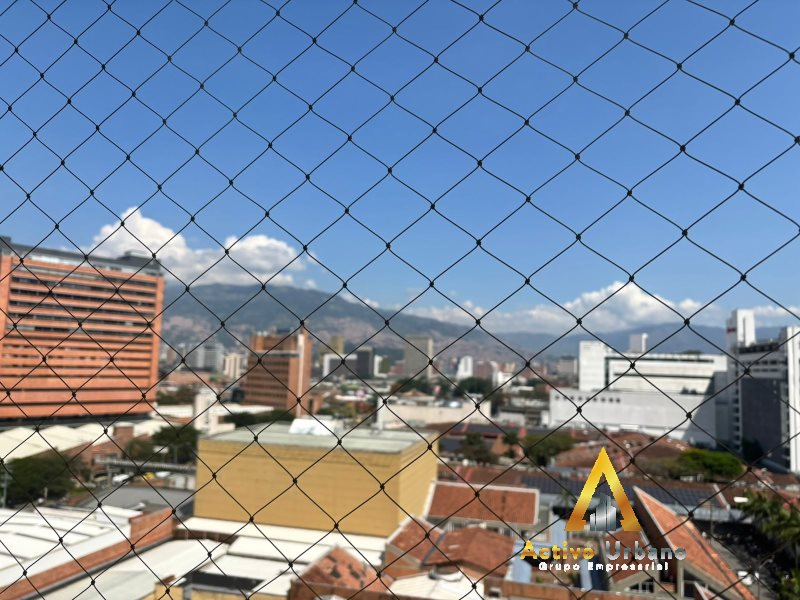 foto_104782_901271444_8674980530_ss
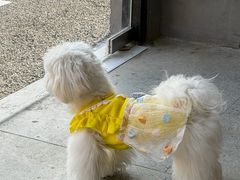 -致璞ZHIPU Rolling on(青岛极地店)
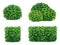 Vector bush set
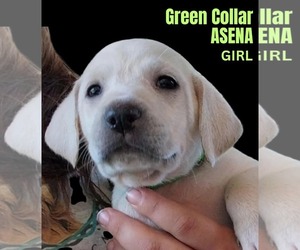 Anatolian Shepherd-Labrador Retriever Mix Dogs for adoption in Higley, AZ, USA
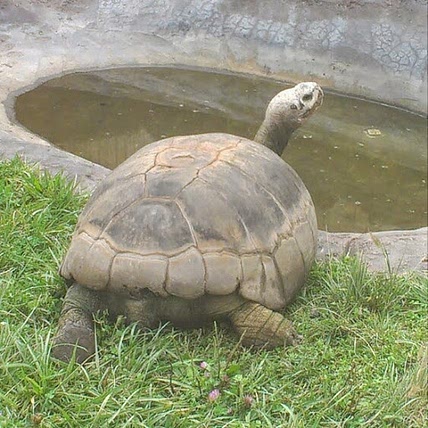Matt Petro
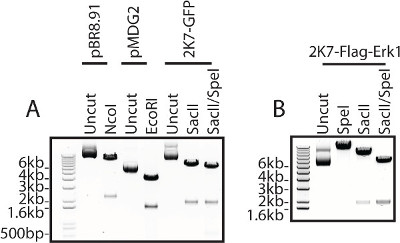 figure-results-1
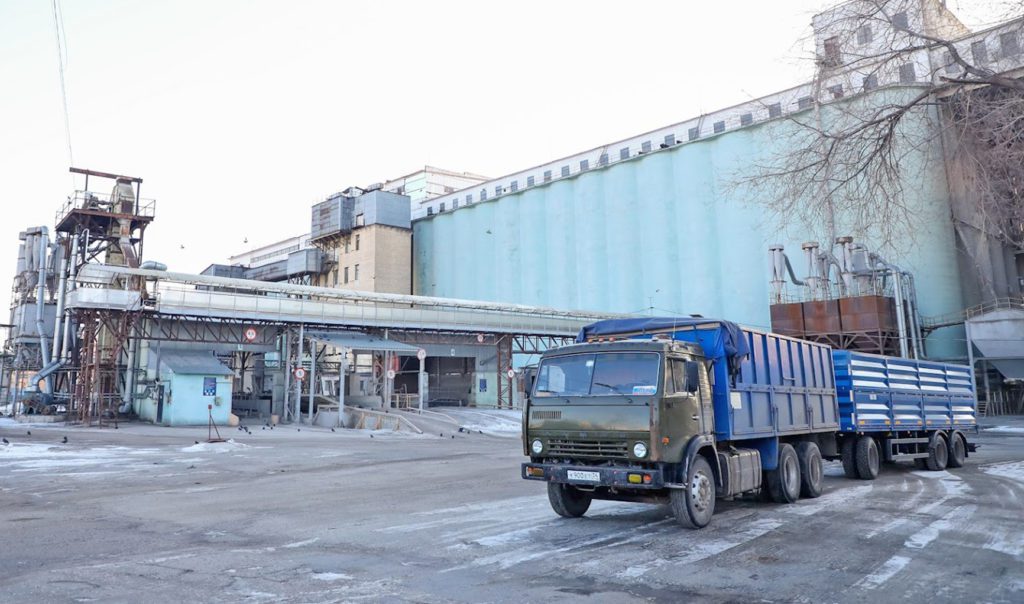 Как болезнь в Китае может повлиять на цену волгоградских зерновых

---

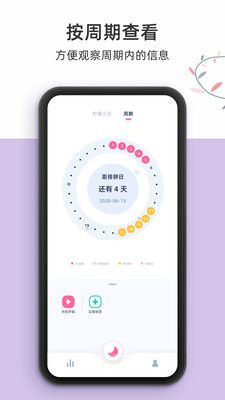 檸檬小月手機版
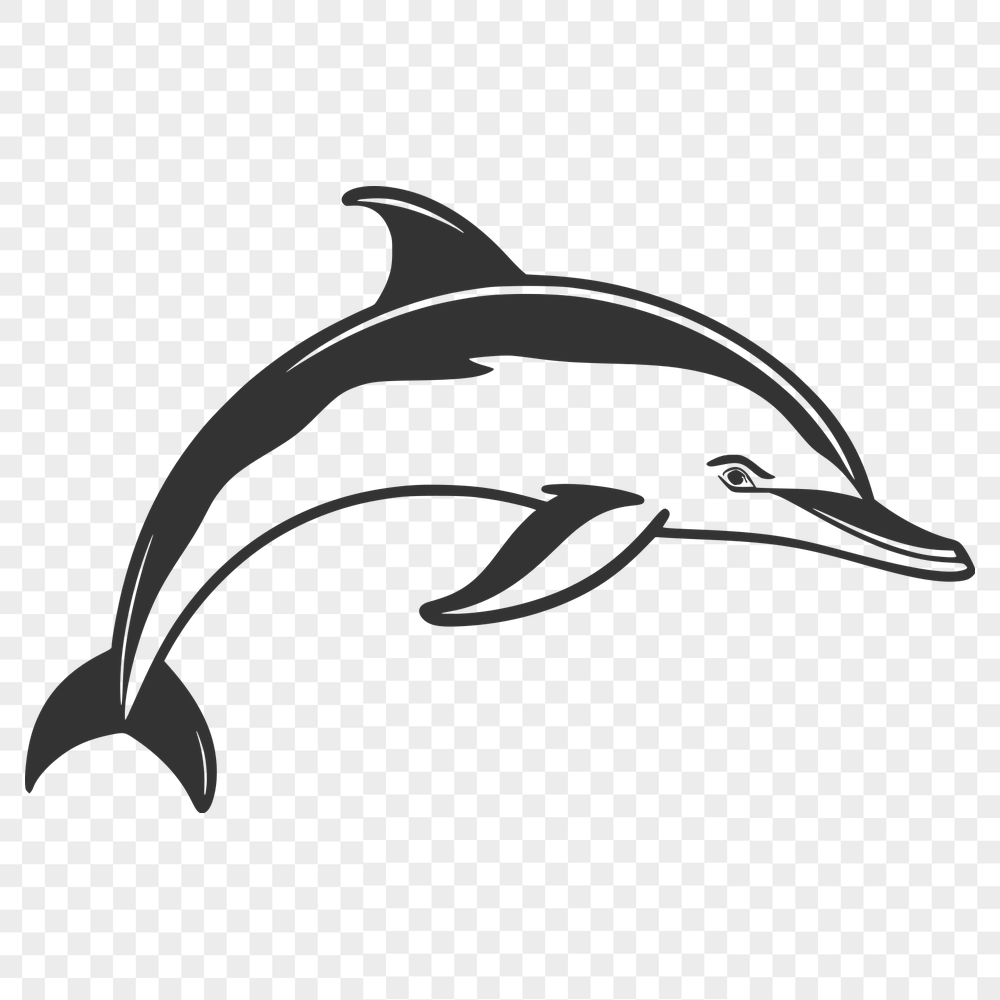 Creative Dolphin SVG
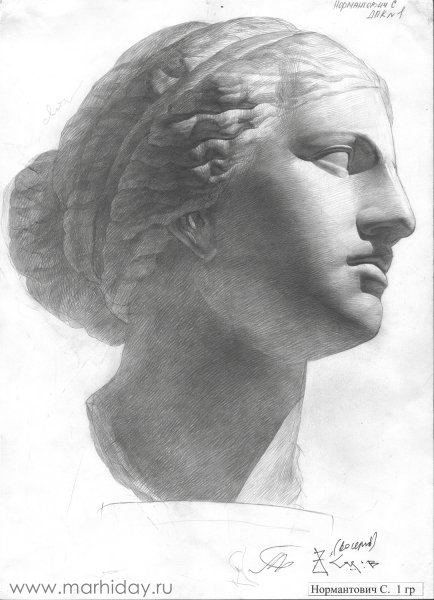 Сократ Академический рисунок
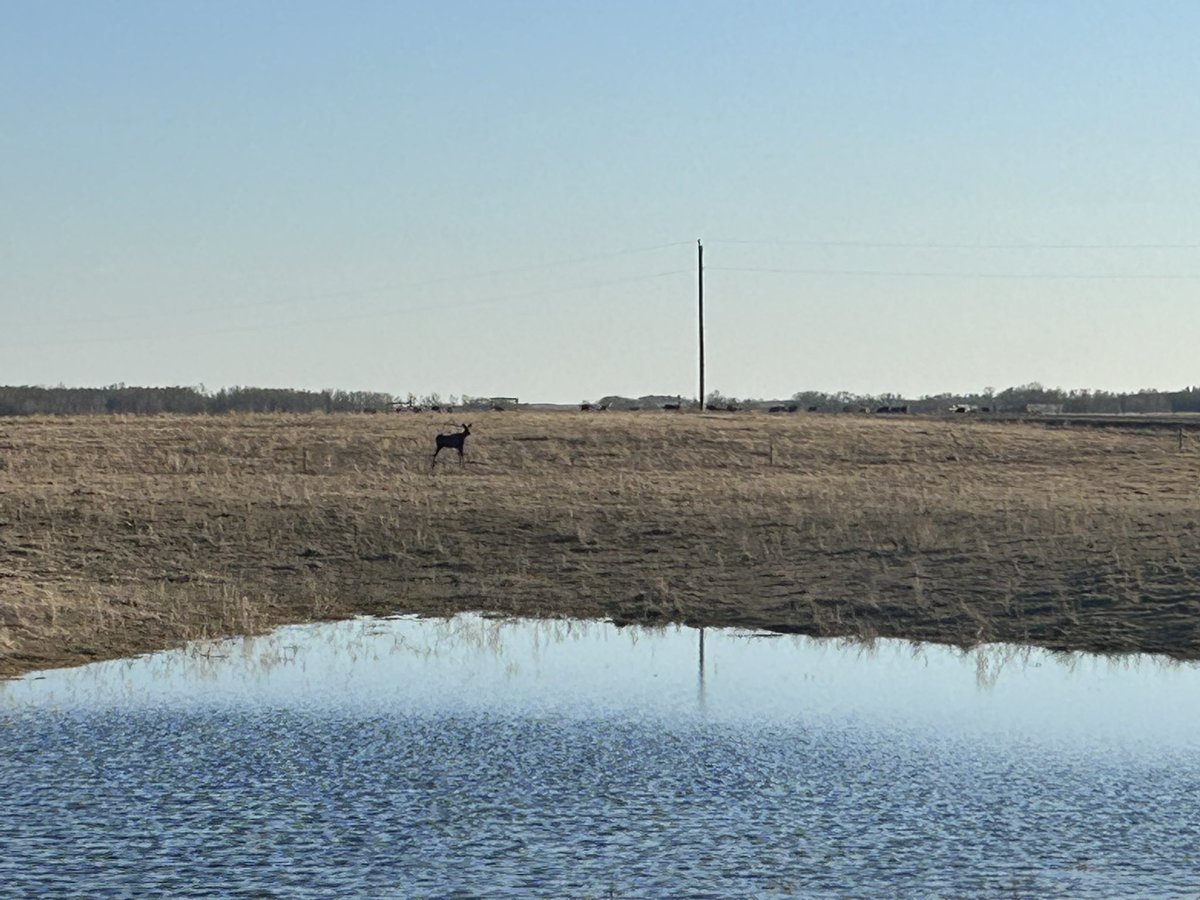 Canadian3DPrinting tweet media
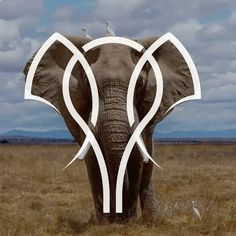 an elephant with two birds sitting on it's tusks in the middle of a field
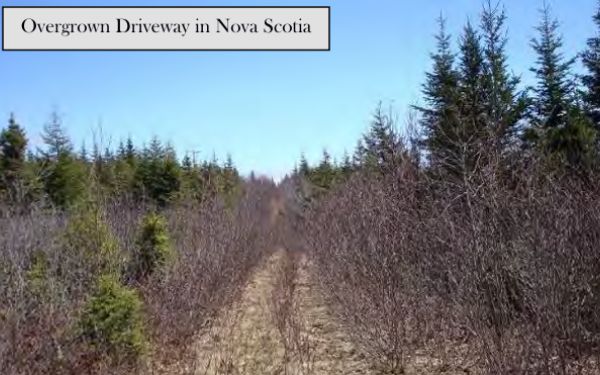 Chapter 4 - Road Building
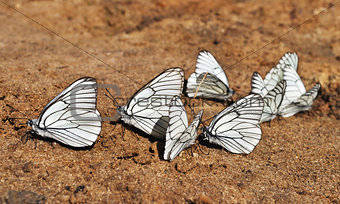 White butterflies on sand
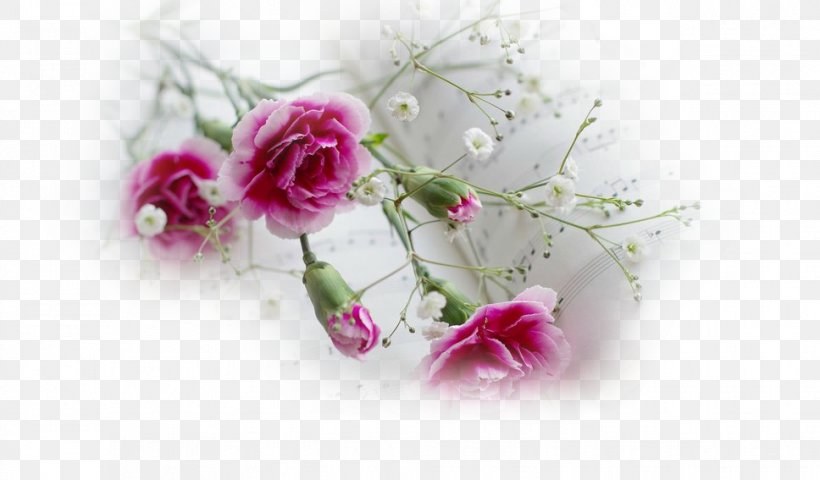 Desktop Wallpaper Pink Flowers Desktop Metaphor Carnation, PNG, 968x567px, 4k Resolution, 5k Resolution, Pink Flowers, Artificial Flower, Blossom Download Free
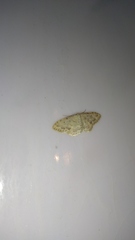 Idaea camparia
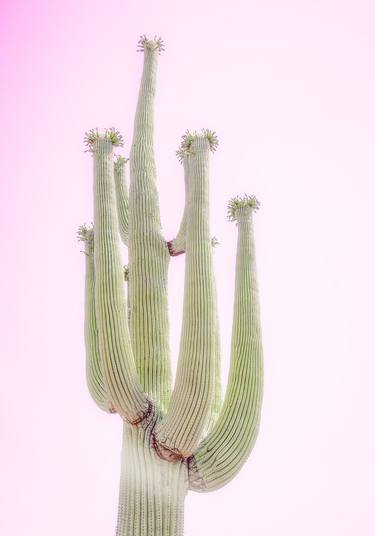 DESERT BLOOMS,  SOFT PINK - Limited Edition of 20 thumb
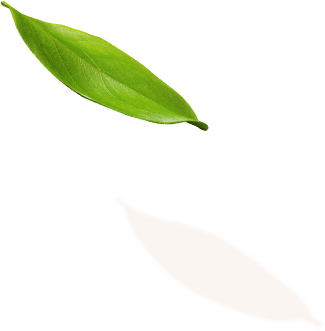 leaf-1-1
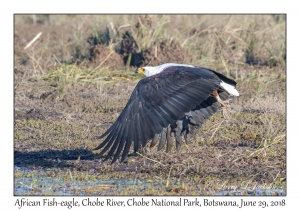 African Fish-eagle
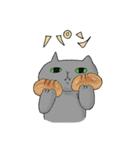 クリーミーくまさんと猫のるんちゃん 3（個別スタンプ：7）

--

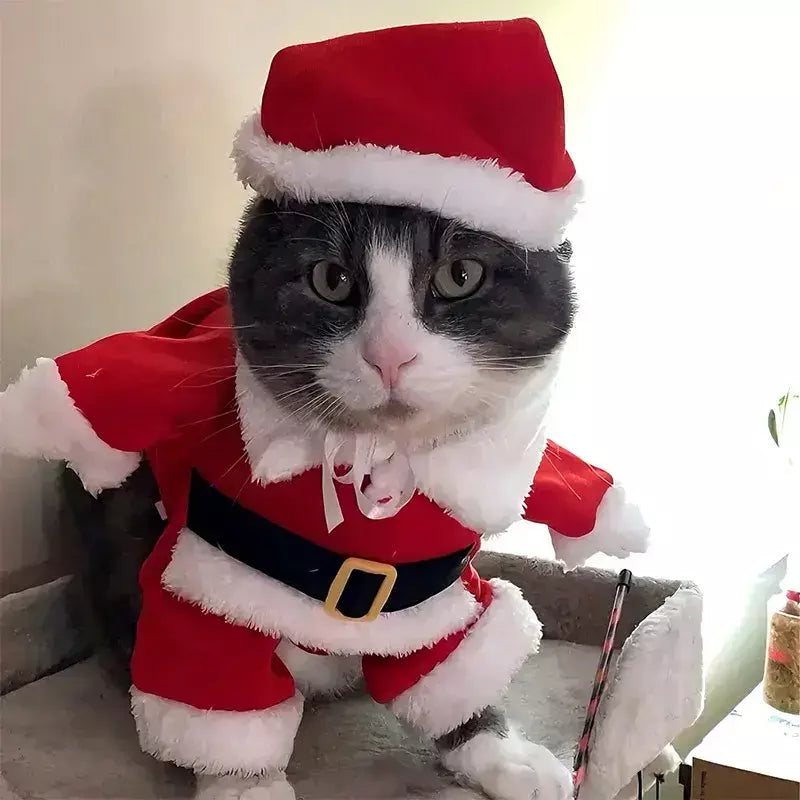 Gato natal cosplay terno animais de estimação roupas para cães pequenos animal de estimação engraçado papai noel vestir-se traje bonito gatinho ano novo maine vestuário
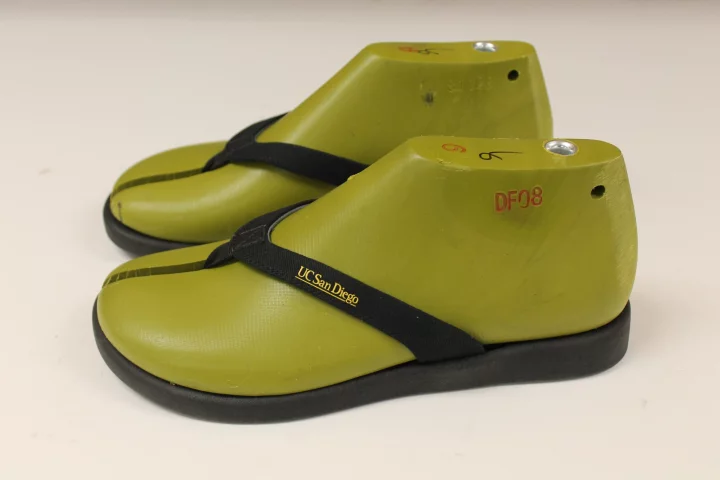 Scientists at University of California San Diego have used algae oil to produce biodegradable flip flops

• [TO DO]: Excerpt from the records above: set down only the lines from the one that contains "foto_104782_901271444_8674980530_ss" through the one that contains "Как болезнь в", inclusive, word for word. Pictures stay out.

• [EXPECTED OUTPUT]:
 foto_104782_901271444_8674980530_ss
 -致璞ZHIPU Rolling on(青岛极地店)
 Vector bush set
 Anatolian Shepherd-Labrador Retriever Mix Dogs for adoption in Higley, AZ, USA
Matt Petro
 figure-results-1
 Как болезнь в Китае может повлиять на цену волгоградских зерновых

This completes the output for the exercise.